Data to process |
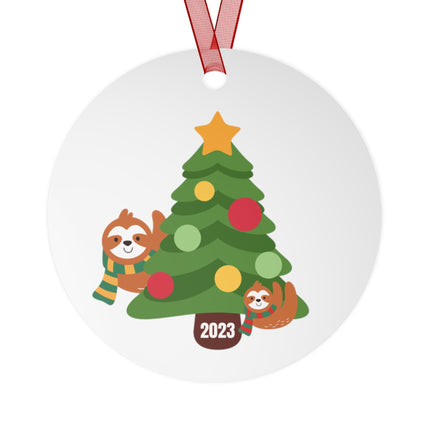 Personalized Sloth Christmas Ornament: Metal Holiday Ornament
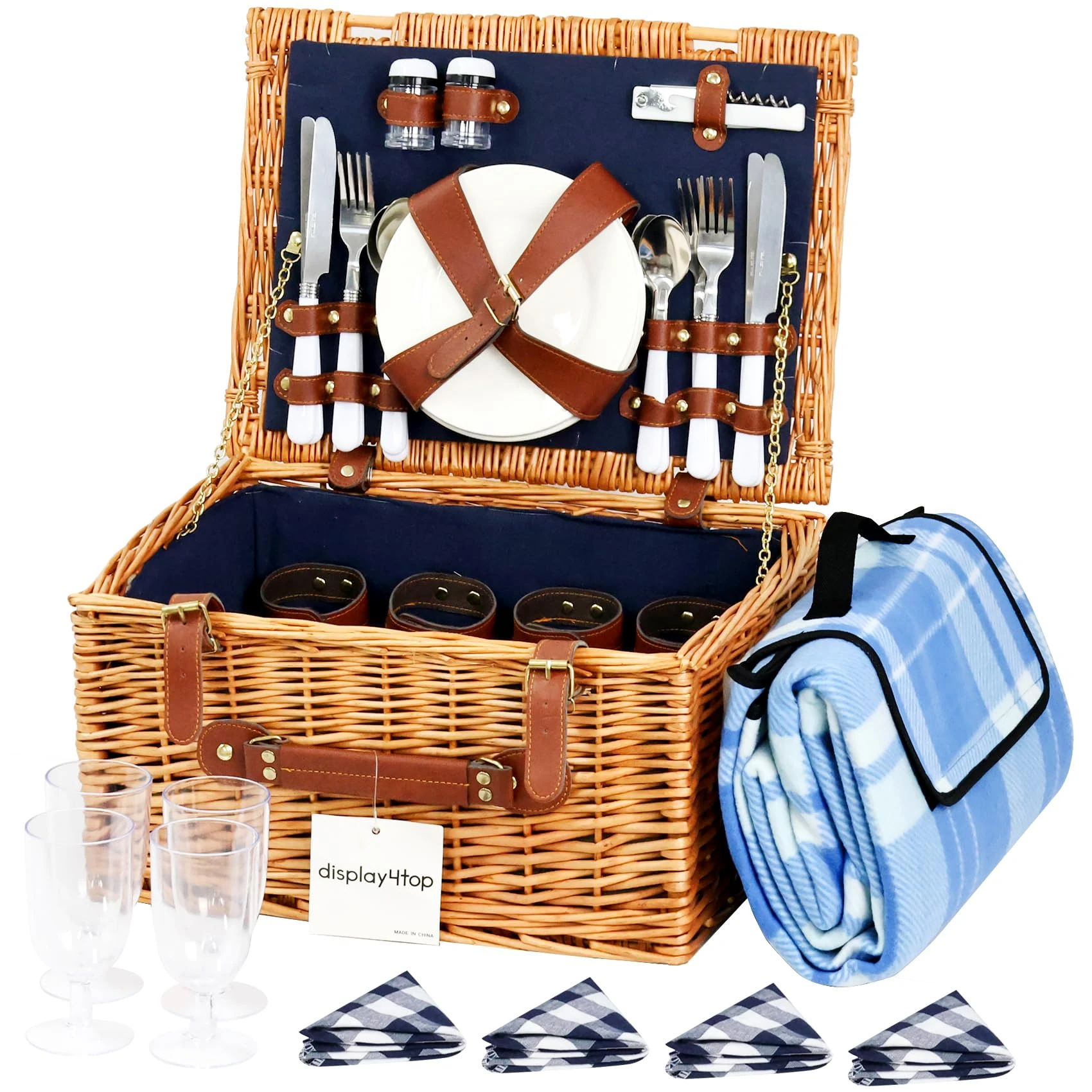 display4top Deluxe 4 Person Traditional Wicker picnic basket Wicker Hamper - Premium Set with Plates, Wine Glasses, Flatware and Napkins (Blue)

---

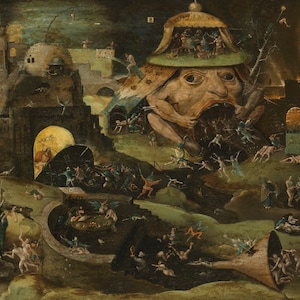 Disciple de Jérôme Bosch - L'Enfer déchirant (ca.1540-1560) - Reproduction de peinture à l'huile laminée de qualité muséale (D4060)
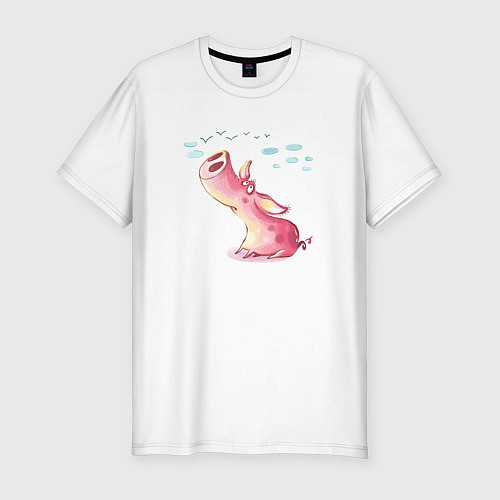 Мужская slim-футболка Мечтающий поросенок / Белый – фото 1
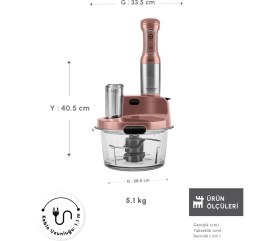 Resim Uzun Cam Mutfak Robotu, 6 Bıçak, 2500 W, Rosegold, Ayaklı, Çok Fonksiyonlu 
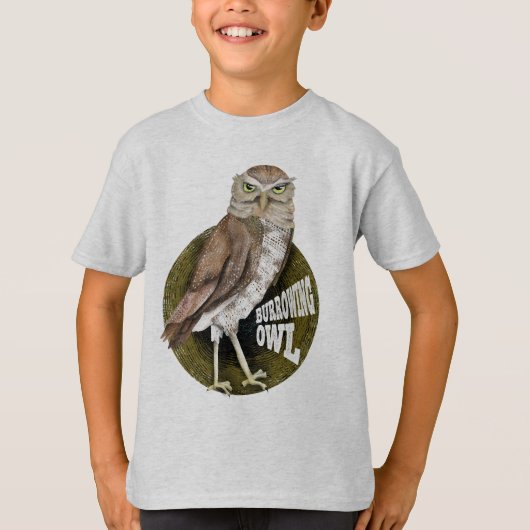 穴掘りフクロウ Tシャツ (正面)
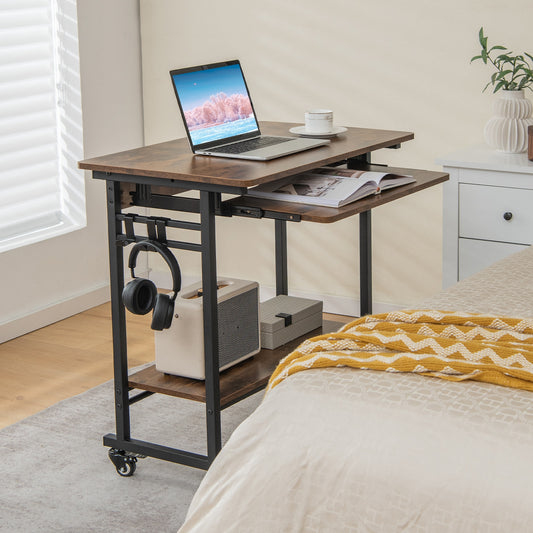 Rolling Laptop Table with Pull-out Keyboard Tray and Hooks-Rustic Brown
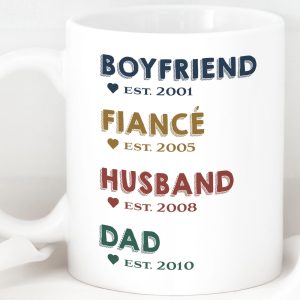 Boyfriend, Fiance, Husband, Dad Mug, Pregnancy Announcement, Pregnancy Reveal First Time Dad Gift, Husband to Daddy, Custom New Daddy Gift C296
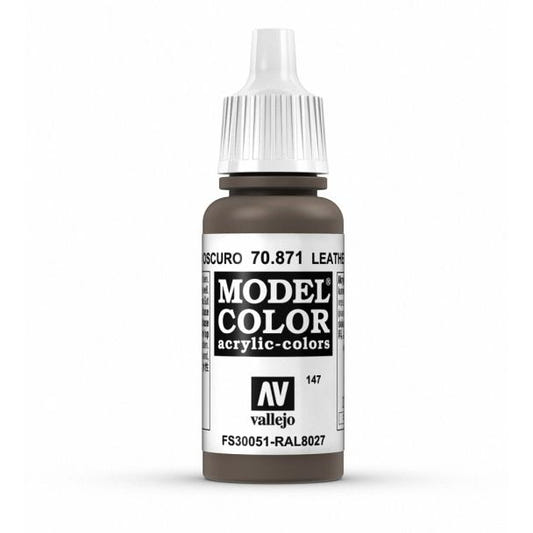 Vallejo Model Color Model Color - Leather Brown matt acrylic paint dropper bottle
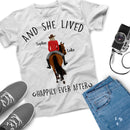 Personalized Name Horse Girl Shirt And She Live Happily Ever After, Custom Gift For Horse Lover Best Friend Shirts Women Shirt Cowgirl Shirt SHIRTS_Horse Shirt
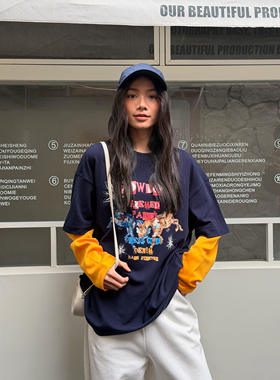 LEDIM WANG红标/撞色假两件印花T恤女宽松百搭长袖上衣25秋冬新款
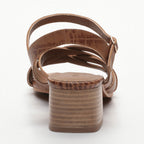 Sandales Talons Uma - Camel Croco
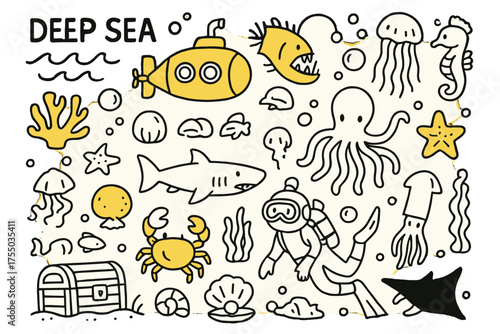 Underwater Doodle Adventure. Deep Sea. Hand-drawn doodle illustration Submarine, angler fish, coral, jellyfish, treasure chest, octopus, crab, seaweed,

==

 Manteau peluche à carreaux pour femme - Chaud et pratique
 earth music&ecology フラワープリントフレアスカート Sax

Problem statement | Go to the line above holding "Personalized Sloth Christmas", then copy exactly each line down to and including the one holding "display4top Deluxe 4", leaving pictures out.

Written response |
 Personalized Sloth Christmas Ornament: Metal Holiday Ornament
 display4top Deluxe 4 Person Traditional Wicker picnic basket Wicker Hamper - Premium Set with Plates, Wine Glasses, Flatware and Napkins (Blue)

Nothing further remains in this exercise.